Copy each line of the records that contains the word "aquarium".

# Input data:
━━━━━━━━

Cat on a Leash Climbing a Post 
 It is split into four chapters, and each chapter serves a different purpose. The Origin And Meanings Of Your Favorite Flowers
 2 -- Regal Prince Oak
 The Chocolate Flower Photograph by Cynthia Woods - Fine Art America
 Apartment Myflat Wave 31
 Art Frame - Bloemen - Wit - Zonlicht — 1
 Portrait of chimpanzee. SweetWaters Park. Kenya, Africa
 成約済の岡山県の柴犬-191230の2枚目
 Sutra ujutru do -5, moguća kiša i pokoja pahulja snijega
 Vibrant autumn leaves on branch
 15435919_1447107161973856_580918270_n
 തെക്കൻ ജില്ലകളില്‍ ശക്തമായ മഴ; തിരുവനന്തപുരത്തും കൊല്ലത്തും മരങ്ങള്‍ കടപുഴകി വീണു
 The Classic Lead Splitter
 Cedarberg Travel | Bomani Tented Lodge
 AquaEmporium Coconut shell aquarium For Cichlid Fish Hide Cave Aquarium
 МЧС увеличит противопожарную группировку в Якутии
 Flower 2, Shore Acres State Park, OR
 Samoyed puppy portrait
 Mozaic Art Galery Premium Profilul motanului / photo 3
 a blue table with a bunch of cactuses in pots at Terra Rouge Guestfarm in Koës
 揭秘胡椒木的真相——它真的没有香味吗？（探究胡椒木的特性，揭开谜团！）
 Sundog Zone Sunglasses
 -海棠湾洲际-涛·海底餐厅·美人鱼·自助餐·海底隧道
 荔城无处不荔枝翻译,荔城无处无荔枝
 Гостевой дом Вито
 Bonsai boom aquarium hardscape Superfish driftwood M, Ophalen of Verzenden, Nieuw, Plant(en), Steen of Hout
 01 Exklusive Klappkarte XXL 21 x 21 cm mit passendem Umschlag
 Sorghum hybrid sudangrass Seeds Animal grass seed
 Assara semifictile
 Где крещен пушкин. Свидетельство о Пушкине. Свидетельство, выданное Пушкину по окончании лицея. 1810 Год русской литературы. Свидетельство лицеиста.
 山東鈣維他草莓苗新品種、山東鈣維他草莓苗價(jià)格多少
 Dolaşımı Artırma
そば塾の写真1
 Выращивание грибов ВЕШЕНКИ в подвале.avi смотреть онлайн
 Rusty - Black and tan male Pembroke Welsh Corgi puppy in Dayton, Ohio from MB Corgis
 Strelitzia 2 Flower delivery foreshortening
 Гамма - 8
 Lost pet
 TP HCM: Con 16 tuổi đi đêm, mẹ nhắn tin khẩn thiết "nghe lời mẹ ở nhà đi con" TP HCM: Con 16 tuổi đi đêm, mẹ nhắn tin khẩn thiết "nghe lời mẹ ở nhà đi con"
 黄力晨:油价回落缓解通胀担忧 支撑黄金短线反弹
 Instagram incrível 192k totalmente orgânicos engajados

━━━━━━━━

# Task response:
 AquaEmporium Coconut shell aquarium For Cichlid Fish Hide Cave Aquarium
 Bonsai boom aquarium hardscape Superfish driftwood M, Ophalen of Verzenden, Nieuw, Plant(en), Steen of Hout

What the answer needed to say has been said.